Case ID: f-appx_320/html/0764-01.html
Source: Caselaw Access Project
Author: {"author": "", "license": "Public Domain", "url": "https://static.case.law/"}
Date Created: 2024-08-24T03:29:51.129683

Jurgita VENSLOVAITE; Julius Ulianskas, Petitioners, v. Eric H. HOLDER, Jr., Attorney General, Respondent.
    No. 05-72024.
    United States Court of Appeals, Ninth Circuit.
    
      Submitted March 18, 2009.
    
    Filed March 31, 2009.
    Inna Lipkin, Esq., Law Offices of Inna Lipkin, Redwood City, CA, for Petitioners.
    Ronald E. Lefevre, Chief Counsel, Office of the District Counsel, Department of Homeland Security, San Francisco, CA, Margaret K. Taylor, Esq., Barry J. Petti-nato, Esq., DOJ-U.S. Department of Justice Civil Div./Office of Immigration Lit., Robert W. Wilder, Esq., U.S. Dept, of Justice Antitrust Division, Washington, DC, for Respondent.
    Before: LEAVY, HAWKINS, and TASHIMA, Circuit Judges.
    
      
       The panel unanimously finds this case suitable for decision without oral argument.
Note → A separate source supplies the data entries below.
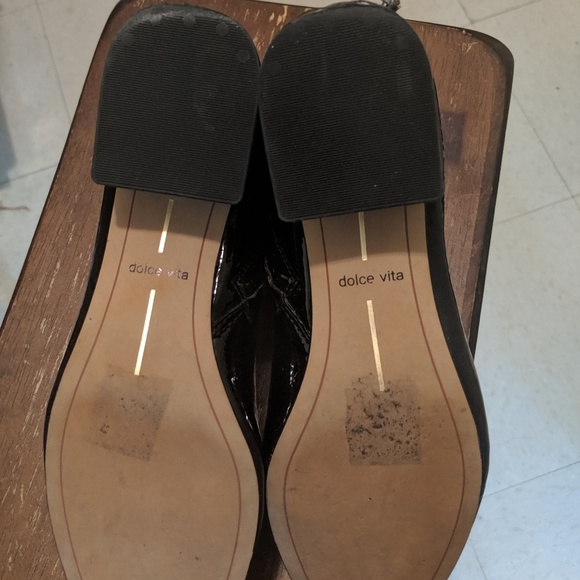 Dolce Vita Black Leather Patent Booties - Picture 2 of 7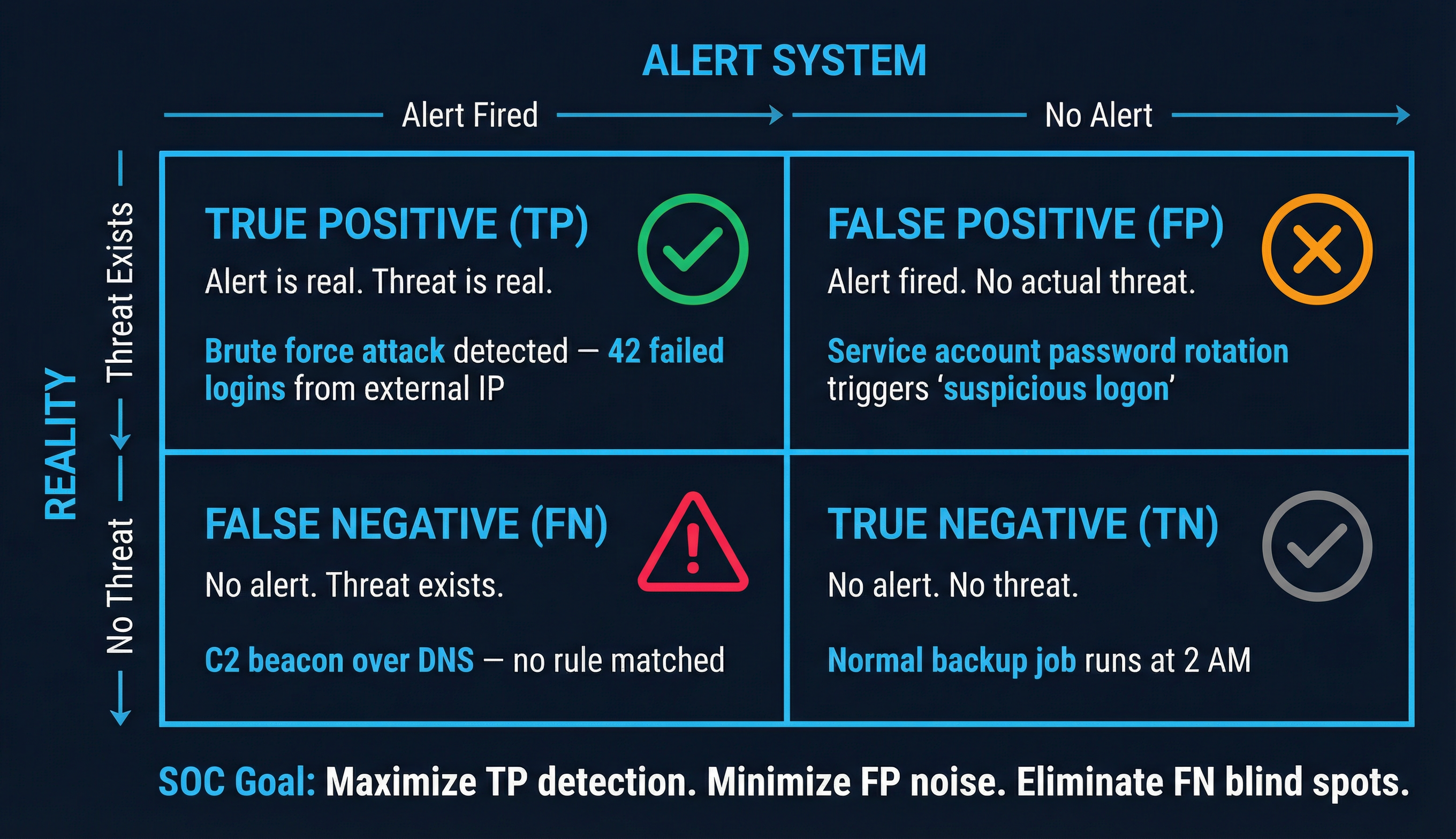 The TP/FP/FN/TN decision matrix — every alert maps to exactly one quadrant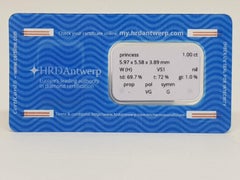 1.00 Carat HRD Certificate White Princess Cut Diamond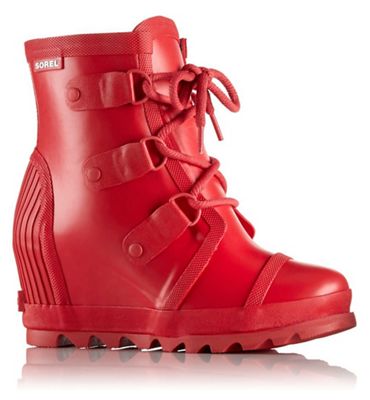 red wedge rain boots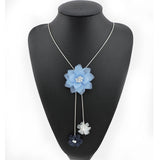 Bocar Long Chain Flower Pendant Necklace for Women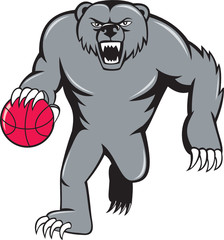 Grizzly Bear Angry Dribbling Basketball Isolated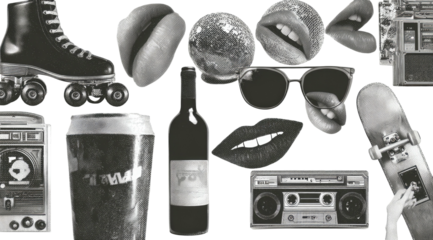 Black and white collage featuring pop culture elements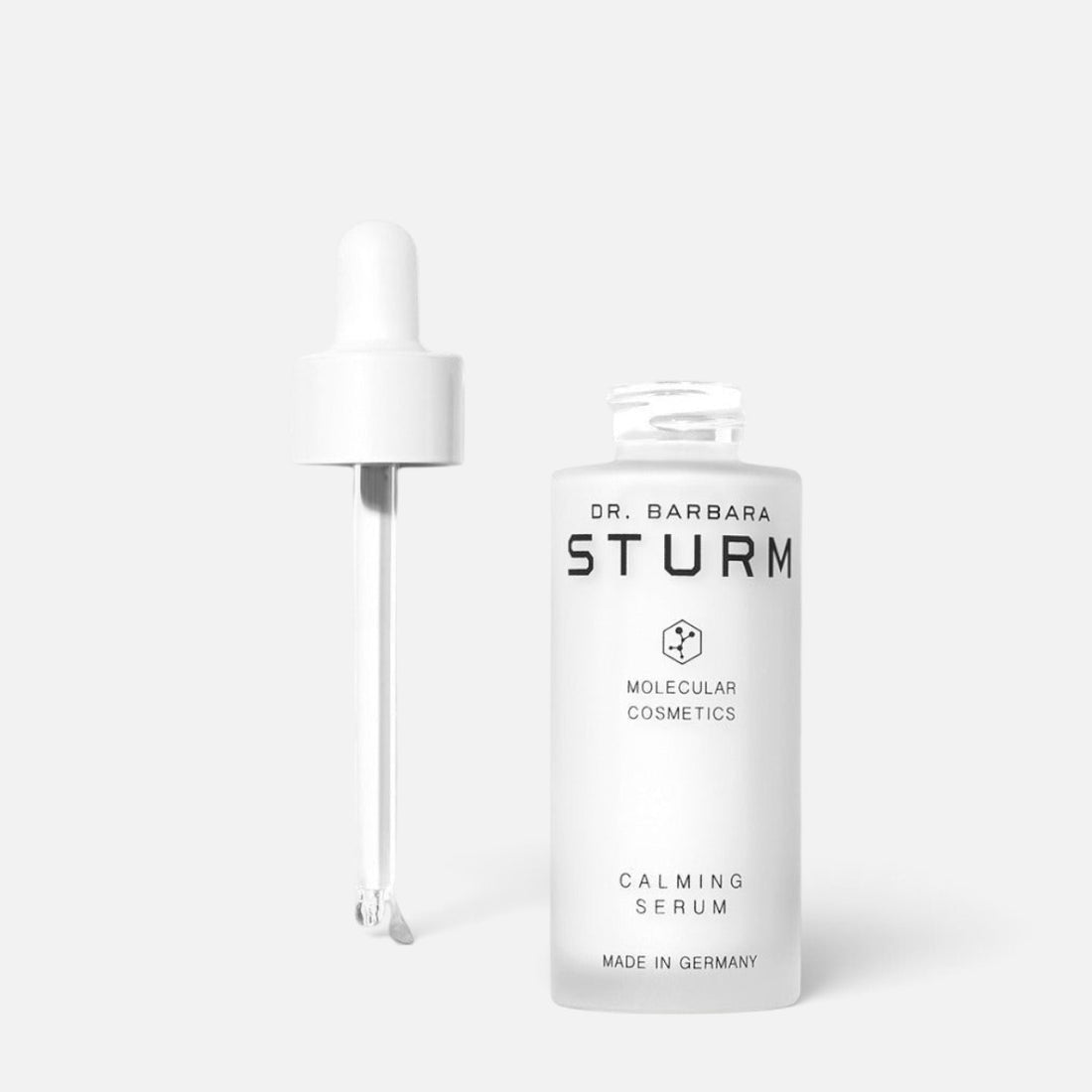 Shop Rescue Spa Dr. Barbara Sturm Calming Serum in a frosted glass bottle with a white dropper cap.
See Fed. R.App. P. 34(a)(2).
    
   MEMORANDUM

Jurgita Venslovaite and her husband, natives and citizens of Lithuania, petition for review of the Board of Immigration Appeals’ order dismissing their appeal from an immigration judge’s (“13”) decision denying their application for asylum and withholding of removal. We have jurisdiction under 8 U.S.C. § 1252. We review for substantial evidence, Zehatye v. Gonzales, 453 F.3d 1182, 1184-85 (9th Cir.2006), and we deny the petition for review.
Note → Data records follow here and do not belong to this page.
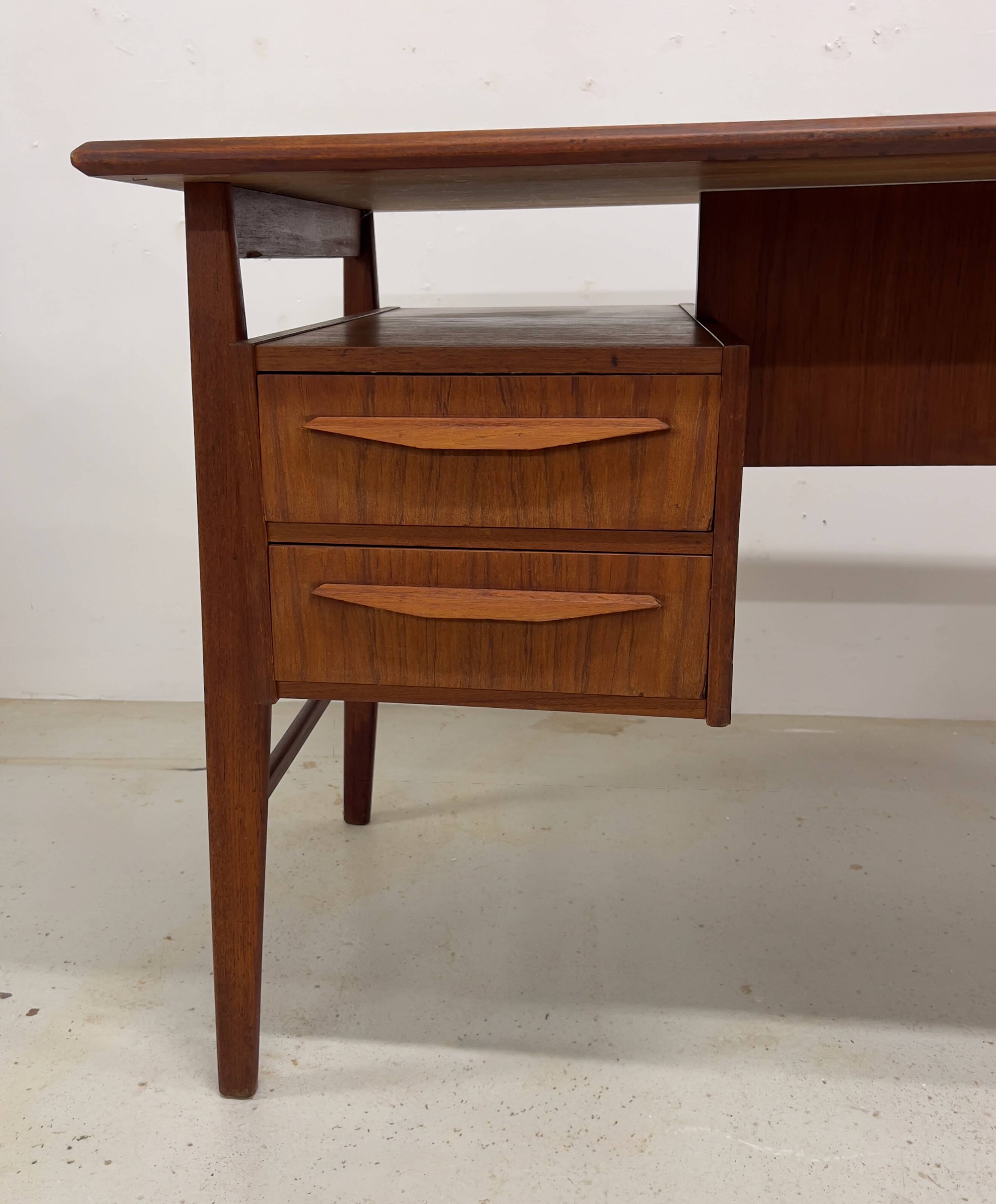 Gunnar Nielsen Teak Desk for Tibergaard, 1960s.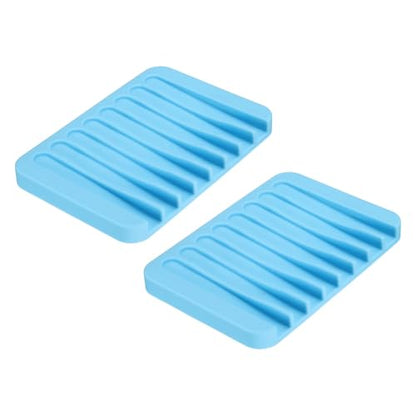 uxcell 2 Pcs Self Draining Silicone Soap Dish, Soap Tray with Drainage for Bathroom Shower Kitchen Sink, 4.5" x 3.1" x 0.4", Sky Blue - color: Sky Blue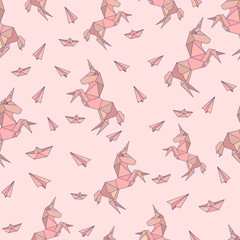 Unicorn in origami polygonal style seamless pattern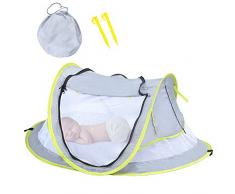 HUSAN Tentede Plage de Berceau Portable Lit de Voyage pour bébé, bébé Pop-up Automatique Tente de Plage, UPF 50+, Moustiquaire.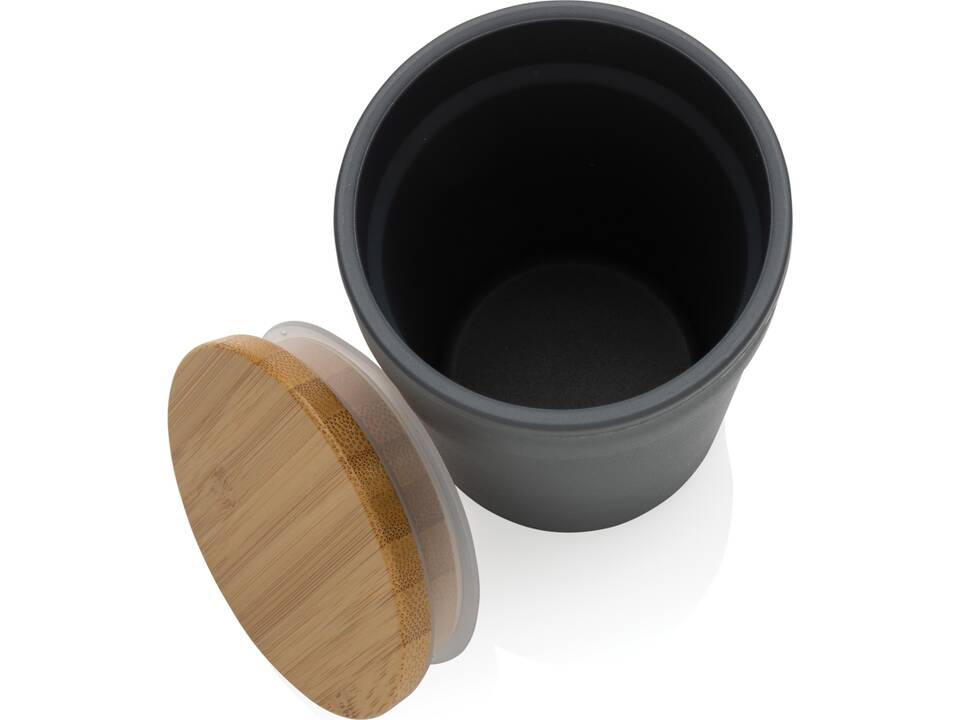 Mug 300ml en PP recyclé GRS avec couvercle en bambou FSC® 9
Substantial evidence supports the agency’s denial of asylum because the two attacks on Venslovaite did not rise to the level of past persecution, see Hoxha v. Ashcroft, 319 F.3d 1179, 1182 (9th Cir.2003), and she failed to establish a well-founded fear of future persecution, see Nahrvani v. Gonzales, 399 F.3d 1148, 1154 (9th Cir.2005) (fear of future persecution too speculative where petitioner failed to substantiate claim that government unable or unwilling to control the people that harassed her).

Because Venslovaite failed to establish eligibility for asylum, she necessarily failed to meet the more stringent requirements for withholding of removal. See Zehatye, 453 F.3d at 1190.
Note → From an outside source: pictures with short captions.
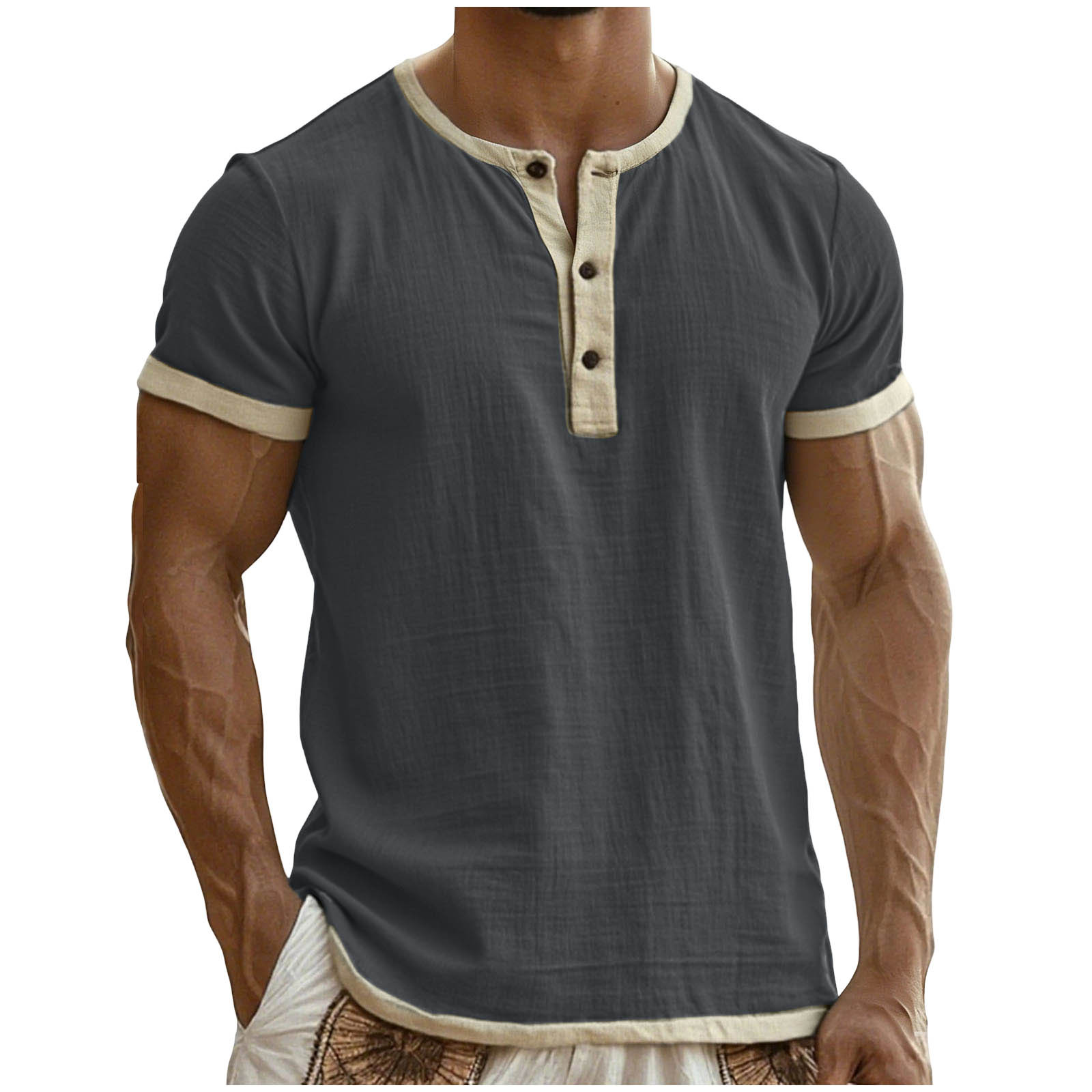 Klassische Retro Color-Block Henley T-Shirts, die von Tausenden Männern geliebt werden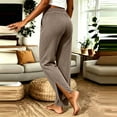 thumbnail image 6 of YYDGH Women's Wide Waistband Side Slit Straight Leg Pants with Pockets Soft Knit Fabric Casual Trousers For Yoga Lounge Daily Workout Wear, 6 of 7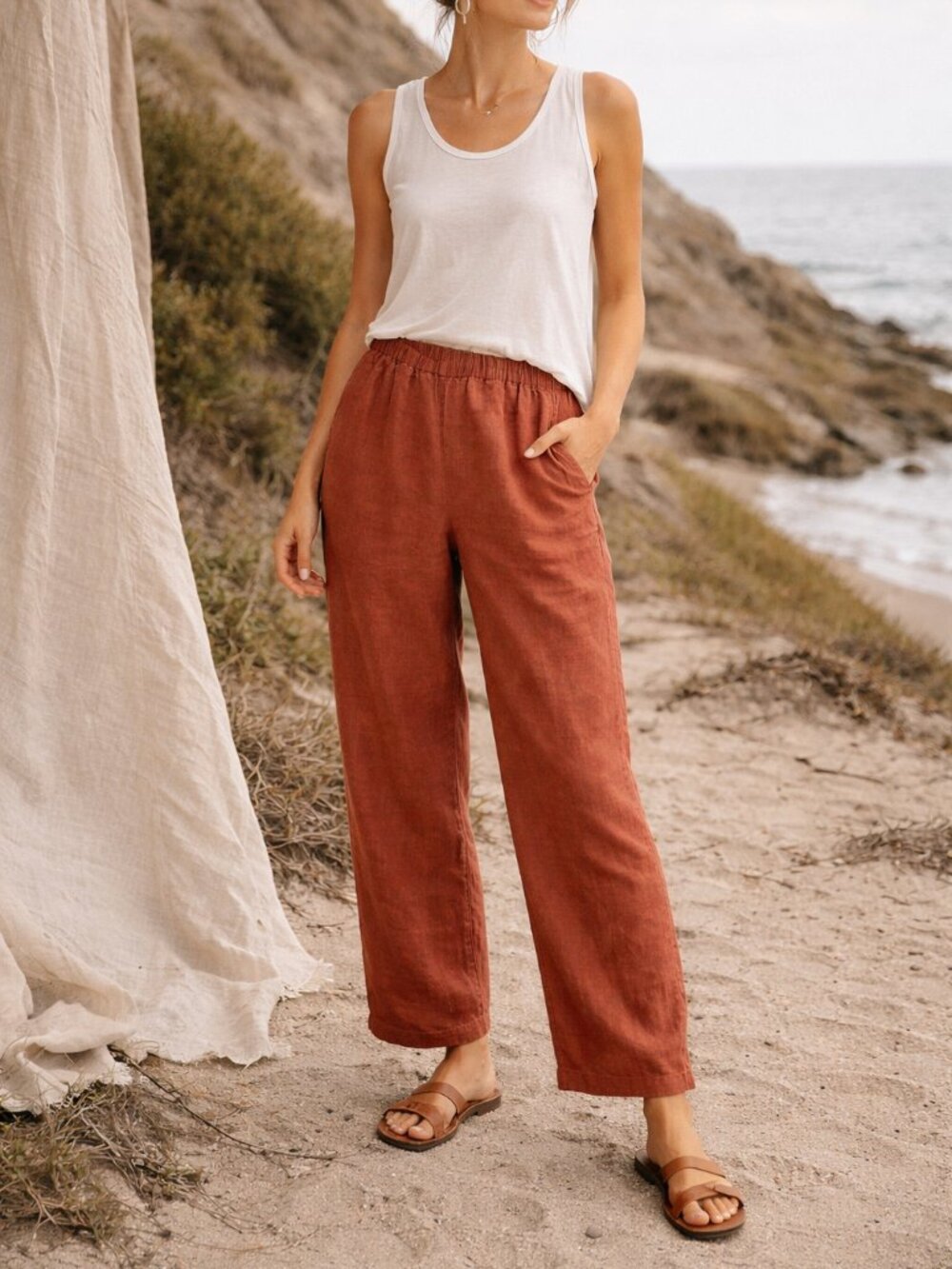Vintage FLAX Linen Pants Petite | 90s S Rust Terracotta | Elastic Waist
We do not consider Venslovaite’s eligibility for relief under the Convention Against Torture (“CAT”), because the IJ never addressed CAT relief in his decision. See Navas v. INS, 217 F.3d 646, 658 n. 16 (9th Cir.2000) (“this court cannot affirm the [agency] on a ground upon which it did not rely.”) (citation omitted).

PETITION FOR REVIEW DENIED. 
      
       This disposition is not appropriate for publication and is not precedent except as provided by 9th Cir. R. 36-3.